▶ How to complete this task
Set out exactly every line of the entries below, starting at the line that holds "Growing diagrams line" and stopping after the line that holds "Aqua Eve Tankini".

▶ Data listing

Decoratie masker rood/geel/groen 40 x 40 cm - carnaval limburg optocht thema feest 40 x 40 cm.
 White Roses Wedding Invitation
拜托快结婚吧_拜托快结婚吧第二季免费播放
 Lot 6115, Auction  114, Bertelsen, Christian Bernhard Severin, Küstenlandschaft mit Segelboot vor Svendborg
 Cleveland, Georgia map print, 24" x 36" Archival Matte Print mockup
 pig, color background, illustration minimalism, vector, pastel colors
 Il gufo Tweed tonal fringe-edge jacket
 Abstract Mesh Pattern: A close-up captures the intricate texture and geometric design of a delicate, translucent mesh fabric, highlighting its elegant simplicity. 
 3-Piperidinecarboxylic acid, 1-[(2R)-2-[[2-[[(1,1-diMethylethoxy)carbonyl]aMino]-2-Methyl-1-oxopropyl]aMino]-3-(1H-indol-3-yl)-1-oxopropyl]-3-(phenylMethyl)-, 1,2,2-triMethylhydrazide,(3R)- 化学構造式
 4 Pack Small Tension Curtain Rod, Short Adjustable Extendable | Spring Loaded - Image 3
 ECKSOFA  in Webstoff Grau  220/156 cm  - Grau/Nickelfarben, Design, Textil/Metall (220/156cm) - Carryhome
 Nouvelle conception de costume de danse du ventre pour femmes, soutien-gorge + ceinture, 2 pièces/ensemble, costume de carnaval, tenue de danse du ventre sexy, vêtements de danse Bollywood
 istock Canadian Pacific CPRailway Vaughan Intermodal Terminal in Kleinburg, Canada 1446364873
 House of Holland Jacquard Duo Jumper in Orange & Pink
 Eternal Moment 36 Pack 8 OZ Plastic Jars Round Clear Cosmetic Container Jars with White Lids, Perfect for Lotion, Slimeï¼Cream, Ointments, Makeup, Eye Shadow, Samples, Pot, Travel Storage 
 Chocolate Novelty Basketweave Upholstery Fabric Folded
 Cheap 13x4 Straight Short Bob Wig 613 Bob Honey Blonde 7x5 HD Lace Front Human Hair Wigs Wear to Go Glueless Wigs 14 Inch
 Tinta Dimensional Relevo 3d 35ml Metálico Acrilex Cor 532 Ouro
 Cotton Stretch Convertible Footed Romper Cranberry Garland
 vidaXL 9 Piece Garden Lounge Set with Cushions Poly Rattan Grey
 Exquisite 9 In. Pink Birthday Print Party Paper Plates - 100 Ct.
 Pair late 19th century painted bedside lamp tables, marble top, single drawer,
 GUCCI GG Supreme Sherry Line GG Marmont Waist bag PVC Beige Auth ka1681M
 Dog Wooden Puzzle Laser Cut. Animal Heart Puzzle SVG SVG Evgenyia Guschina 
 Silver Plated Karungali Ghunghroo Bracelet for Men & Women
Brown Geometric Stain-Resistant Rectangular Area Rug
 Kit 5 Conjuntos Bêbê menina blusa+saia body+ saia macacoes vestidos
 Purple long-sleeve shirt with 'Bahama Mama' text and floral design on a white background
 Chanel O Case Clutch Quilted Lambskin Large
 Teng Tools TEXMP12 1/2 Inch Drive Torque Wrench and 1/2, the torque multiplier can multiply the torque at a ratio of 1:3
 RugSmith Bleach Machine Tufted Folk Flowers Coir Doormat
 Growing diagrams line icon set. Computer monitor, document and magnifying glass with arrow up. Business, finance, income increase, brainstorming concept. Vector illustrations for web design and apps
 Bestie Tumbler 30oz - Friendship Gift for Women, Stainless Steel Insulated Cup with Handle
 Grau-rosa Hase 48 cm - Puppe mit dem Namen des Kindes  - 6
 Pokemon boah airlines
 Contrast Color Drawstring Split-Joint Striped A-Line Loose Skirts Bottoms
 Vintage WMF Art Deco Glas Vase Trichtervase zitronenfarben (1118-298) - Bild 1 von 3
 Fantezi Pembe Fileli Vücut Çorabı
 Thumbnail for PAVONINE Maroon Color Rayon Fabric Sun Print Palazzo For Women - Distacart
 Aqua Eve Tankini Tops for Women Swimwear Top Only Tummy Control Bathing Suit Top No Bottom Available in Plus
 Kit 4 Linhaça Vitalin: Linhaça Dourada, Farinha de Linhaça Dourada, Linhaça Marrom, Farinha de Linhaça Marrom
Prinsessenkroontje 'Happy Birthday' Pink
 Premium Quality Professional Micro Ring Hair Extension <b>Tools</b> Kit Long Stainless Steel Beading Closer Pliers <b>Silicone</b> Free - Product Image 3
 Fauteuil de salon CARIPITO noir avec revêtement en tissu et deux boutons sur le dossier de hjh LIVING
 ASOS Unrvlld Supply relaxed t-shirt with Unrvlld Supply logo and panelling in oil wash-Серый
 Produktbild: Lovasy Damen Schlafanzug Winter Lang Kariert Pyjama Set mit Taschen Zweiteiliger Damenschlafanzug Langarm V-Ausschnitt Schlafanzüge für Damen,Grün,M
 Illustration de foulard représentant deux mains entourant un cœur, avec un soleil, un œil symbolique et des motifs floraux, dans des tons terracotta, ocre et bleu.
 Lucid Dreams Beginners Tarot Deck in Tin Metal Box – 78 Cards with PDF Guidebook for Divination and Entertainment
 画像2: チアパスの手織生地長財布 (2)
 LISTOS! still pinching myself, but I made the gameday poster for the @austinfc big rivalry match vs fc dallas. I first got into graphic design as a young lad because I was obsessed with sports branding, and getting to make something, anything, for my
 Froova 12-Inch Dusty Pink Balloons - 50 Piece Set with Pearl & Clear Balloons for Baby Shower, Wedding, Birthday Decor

▶ Exercise answer
 Growing diagrams line icon set. Computer monitor, document and magnifying glass with arrow up. Business, finance, income increase, brainstorming concept. Vector illustrations for web design and apps
 Bestie Tumbler 30oz - Friendship Gift for Women, Stainless Steel Insulated Cup with Handle
 Grau-rosa Hase 48 cm - Puppe mit dem Namen des Kindes  - 6
 Pokemon boah airlines
 Contrast Color Drawstring Split-Joint Striped A-Line Loose Skirts Bottoms
 Vintage WMF Art Deco Glas Vase Trichtervase zitronenfarben (1118-298) - Bild 1 von 3
 Fantezi Pembe Fileli Vücut Çorabı
 Thumbnail for PAVONINE Maroon Color Rayon Fabric Sun Print Palazzo For Women - Distacart
 Aqua Eve Tankini Tops for Women Swimwear Top Only Tummy Control Bathing Suit Top No Bottom Available in Plus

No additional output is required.